Lush green valleys and rugged mountains, sheer cliffs and wild, frothing, slate-grey seas. Bagpipes, baroque cathedrals and the smell of grilled seafood. The architectural grace of Santiago de Compostela and the industrial churn of Vigo. Galicia, the north-west corner of Spain, is a diverse region, but amid the variety there are two constants: first, it’s one of the best places to eat seafood in the world; and, second, its wild landscape, seemingly more Scottish than Spanish, is the most beautiful on the Iberian peninsula.
Galicia is also large, about three-quarters the size of the Netherlands, and so for this guide we’ll travel along its coast, picking out some of the best beaches, coastal towns and seafood restaurants from Ribadeo and Ortigueira in the north via A Coruña and the Costa da Morte and then south to the area known as the Rías Baixas. Although Galicia is good to visit all year round, the best time to go is from June to September. However, even during the hottest months of the year, be prepared for rain, which can be heavy and, at times, persistent.
RIBADEO TO ORTIGUEIRA
Praia das Catedrais, Ribadeo
In Galician, Praia das Catedrais means “beach of the cathedrals” and, as you walk along this beach and through the arches and craggy domes sculpted into the rocks by wind and sea, it is easy to see why. When the tide is low, and the weather holds, it’s possible to spend hours exploring the sea caves. In summer (1 July to 30 September) and Easter week, numbers are controlled and it’s vital to book a visit to the beach (free) at ascatedrais.xunta.gal.

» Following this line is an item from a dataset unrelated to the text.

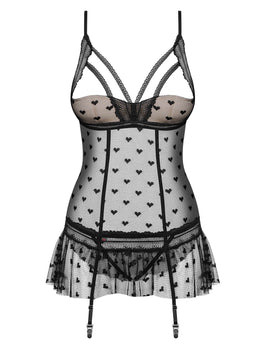 Corsetto nero aperto tulle con cuoricini Heartia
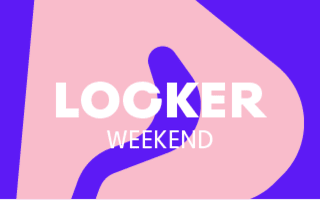 Text "Locker Weekend" on a pink and purple abstract background.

O Barqueiro and Estaca de Bares
O Barqueiro, a small, tranquil fishing village of multicoloured houses, is the perfect place to pass the afternoon staring out at the bay while sipping a nice glass of albariño, Galicia’s most famous grape varietal. From here it’s only a 15-minute drive north to Estaca de Bares, the most northerly point of the Iberian peninsula. Its 19th-century lighthouse is a quiet place from which to appreciate the uninterrupted views of the Bay of Biscay and the relentless ferocity of the Atlantic.
Set amid rolling hills covered with pines and eucalyptus trees, Viveiro is on the estuary of the river Landro. It is a picturesque place, with walls that have withstood pirate attacks and plagues, and springs that have attracted countless Santiago pilgrims. Wander through its idyllic squares, its grand entrance gates and over its medieval bridges. Covas beach is also only a short walk from the town centre.
Praia de Xilloi, O Vicedo
Replete with dunes, imposing cliffs, and fine white sand, this kilometre-long beach is one of the best in Lugo province. The turquoise waters, although brisk, are not too dissimilar to the Caribbean. The beach has parking, showers and restaurants nearby and is a good place for families.
Where to eat and drink
A Lonxa, Burela
This traditional cafe-bar-restaurant is the haunt of local fishermen. It may have a school-canteen vibe but the food is simple and delicious. The product is the protagonist here, not the chef. Try the steamed clams (€12) to start, followed by the fried bonito (€10). The swordfish is also excellent.